Strolling through Madrid (Spain), cutting through the “Plaza de la Villa” and the “Cisneros” house, we arrive at Sacramento Street to find a very unique garden.
Among modern buildings and down some stairs, we find a hidden garden, it is the “Orchard of the Nuns.” This space was later known as the Lezcano Palace garden and then as the O’Reilly Palace garden, when in 1939, Aurora Lezcano becomes related to the Count of O’Reilly, this garden continues to be part of the Palace.

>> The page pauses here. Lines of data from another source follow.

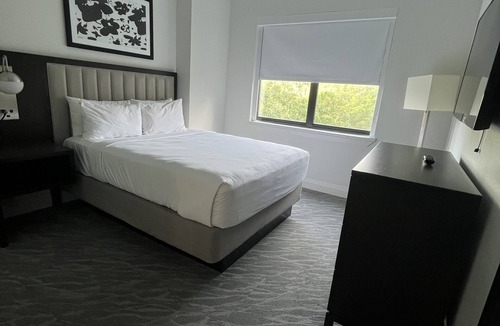 Four Corners Hotel | Close to Disney! 3-bedroom hotel in tranquil Winter Garden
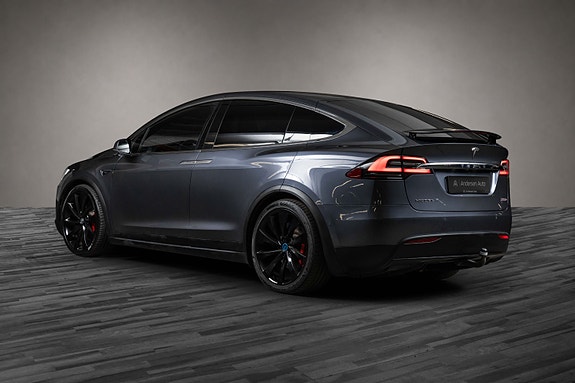 Tesla Model X 3 of 30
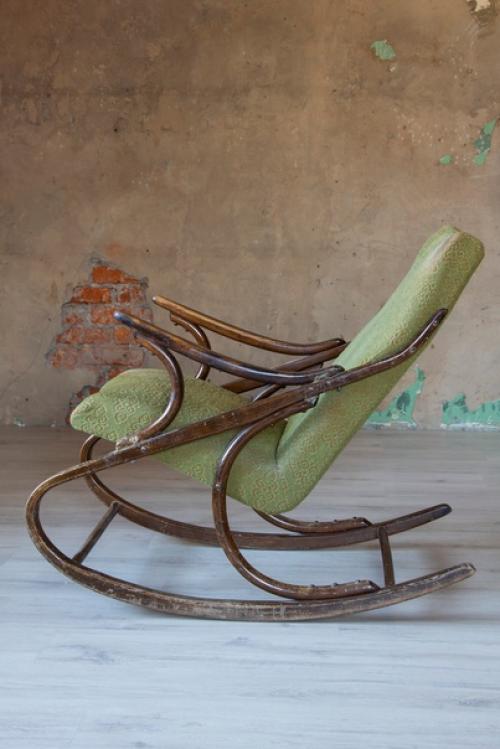 Ура!  Мы начинаем бережно разбирать и реставрировать кресло - качалку дизайнера Антонина Шумана. 08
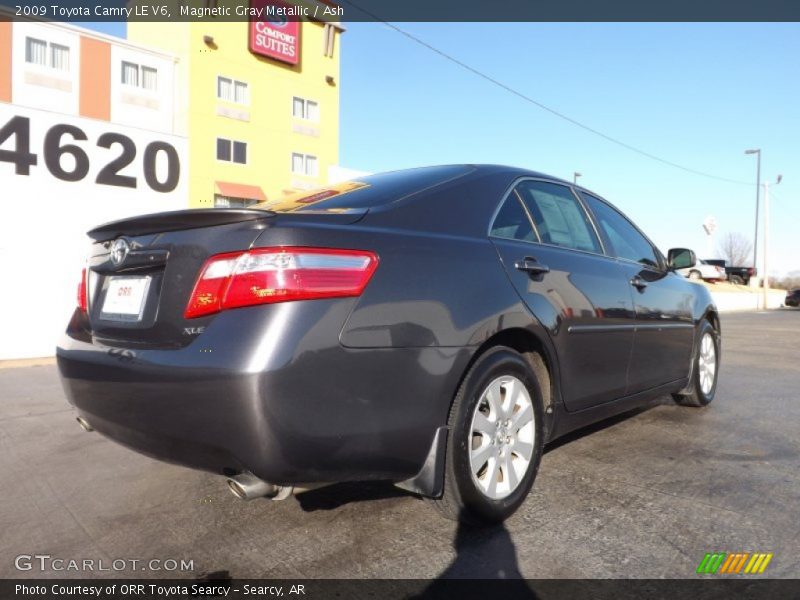 Magnetic Gray Metallic / Ash 2009 Toyota Camry LE V6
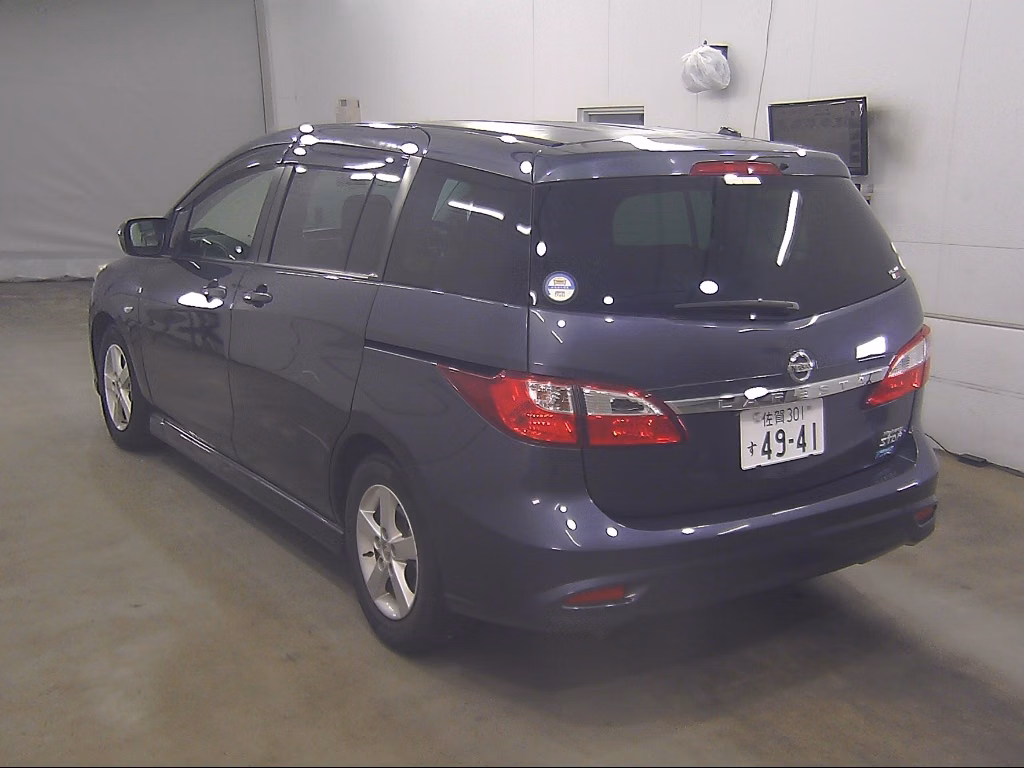 NISSAN LAFESTA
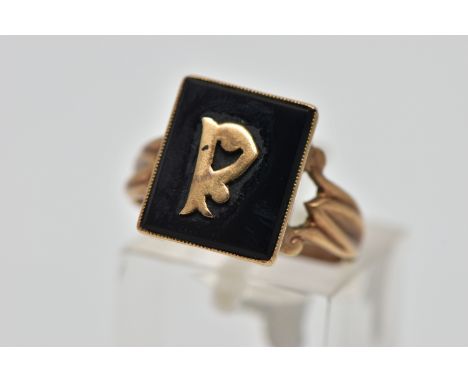 A VICTORIAN INITIAL MOURNING RING, designed with a black rectangular onyx insert, displaying a yellow metal initial 'P' to th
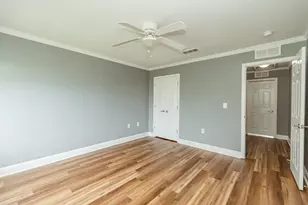 794 Majestic Dr, Crestview, FL 32536 - Photo 9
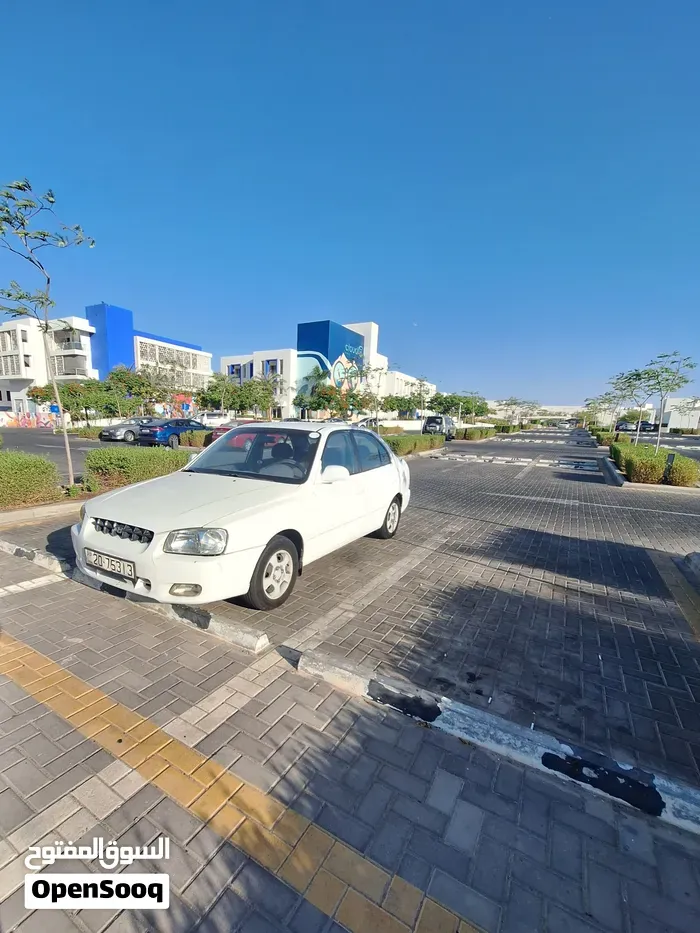 Hyundai Verna 1999 photo 2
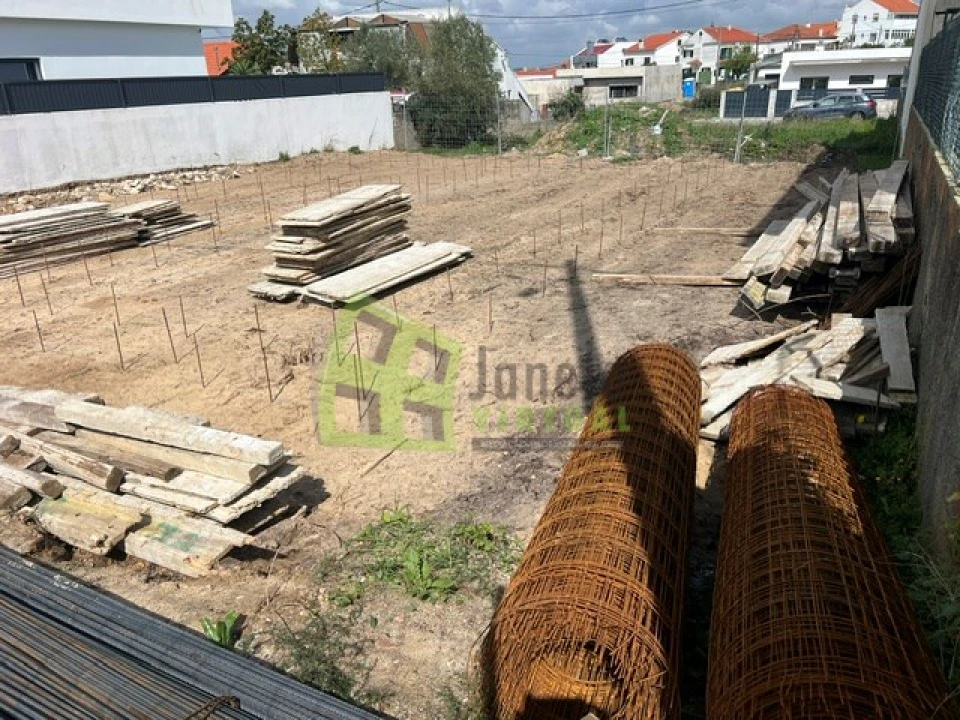 Moradia T3 para Venda em Fernao Ferro Foto 4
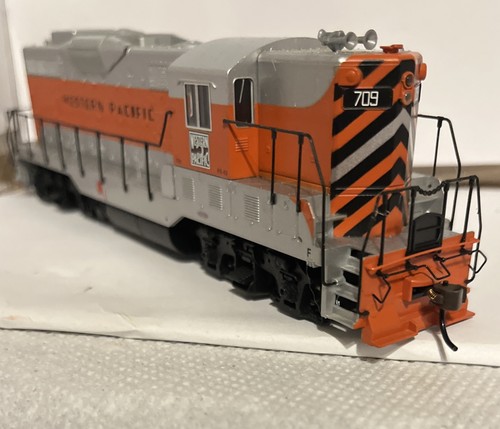 HO Scale Bachmann DCC GP7 Diesel Locomotive Western Pacific 709 Striped - Picture 4 of 15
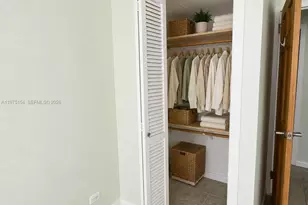 1408 Brickell Bay Dr, Miami, FL 33131 - Photo 18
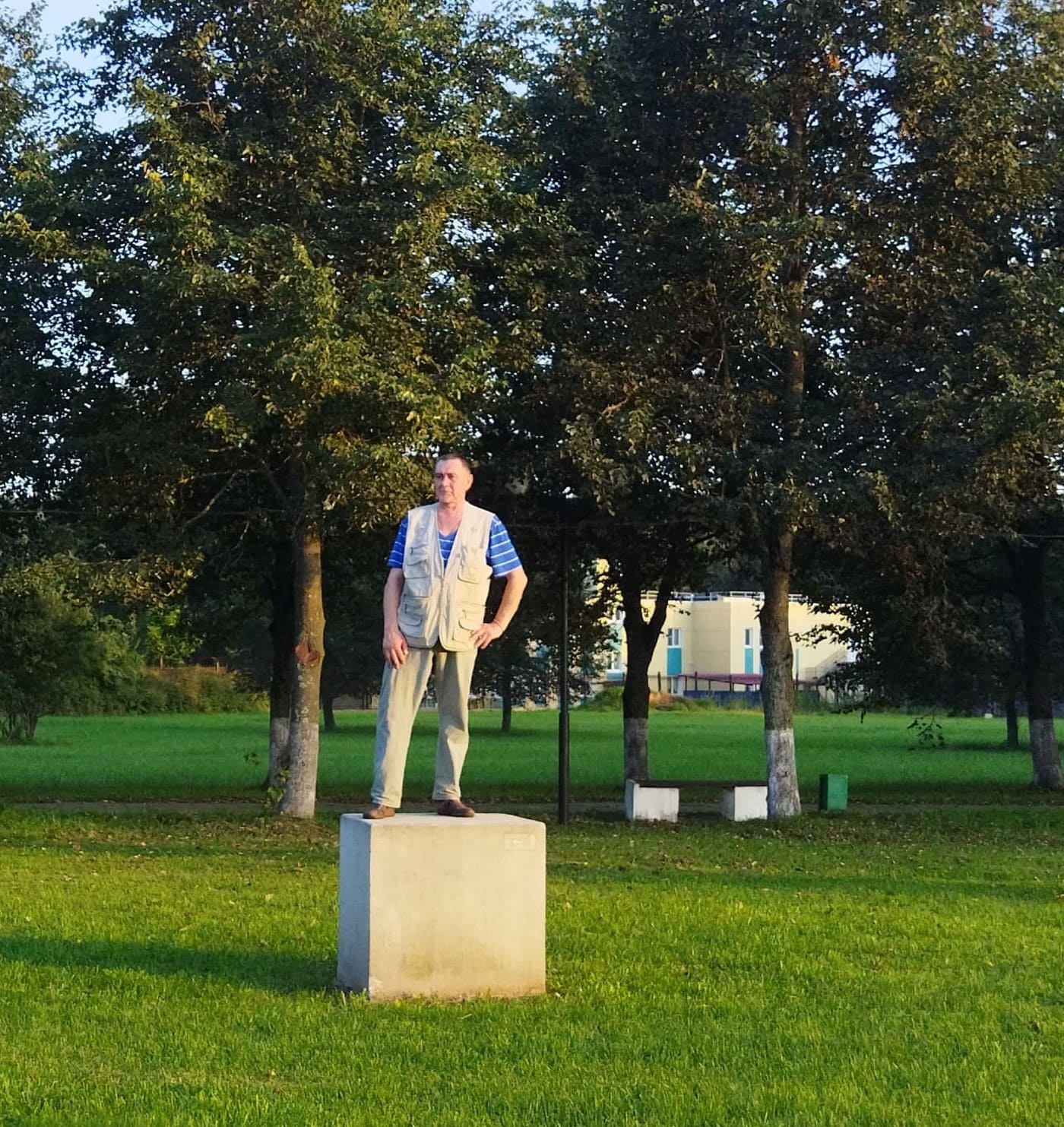 Я памятник себе уже воздвиг в своих стихах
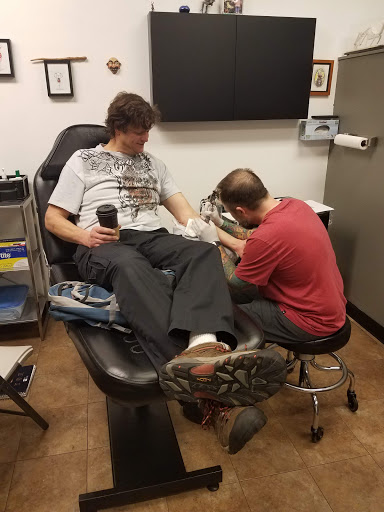 Body Piercing Shop «Destination Ink - Tattoo and Body Piercing», reviews and photos, 2401 NE Cornell Rd, Hillsboro, OR 97124, USA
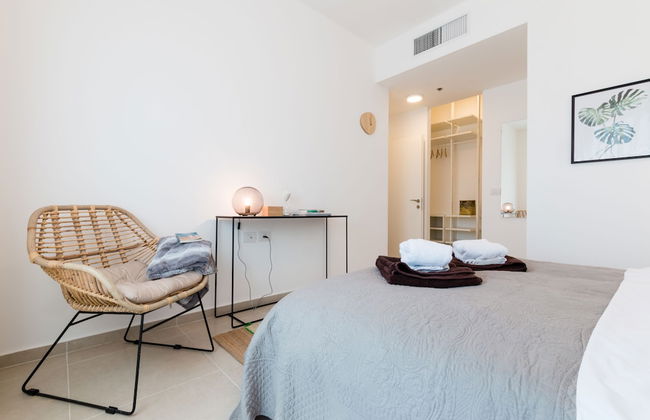 Artsy Modern Bright Apt in Bat Yam - Foto 2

To understand why it was known as the “orchard of the nuns”, we must travel back to the seventeenth century, when the Convent of the Sacrament was built on the palace grounds. The Convent was occupied by the “Barefoot Cistercian Nuns of San Bernardo”, known as the “Bernardas”. In the cloister of the convent, the “Bernardas” planted, cultivated and harvested root vegetables and tubers for food. Hence becoming the Orchard of the Nuns.
Although the Convent of the Sacrament was greatly damaged during the Spanish Civil War, it was rebuilt in the 1940’s. Later, in 1972, the convent was finally demolished, with the palace and garden prevailing. The Fountain of the Prioress also survived. It is a work that includes cherub sculptures and was imported from Paris in the 18th century.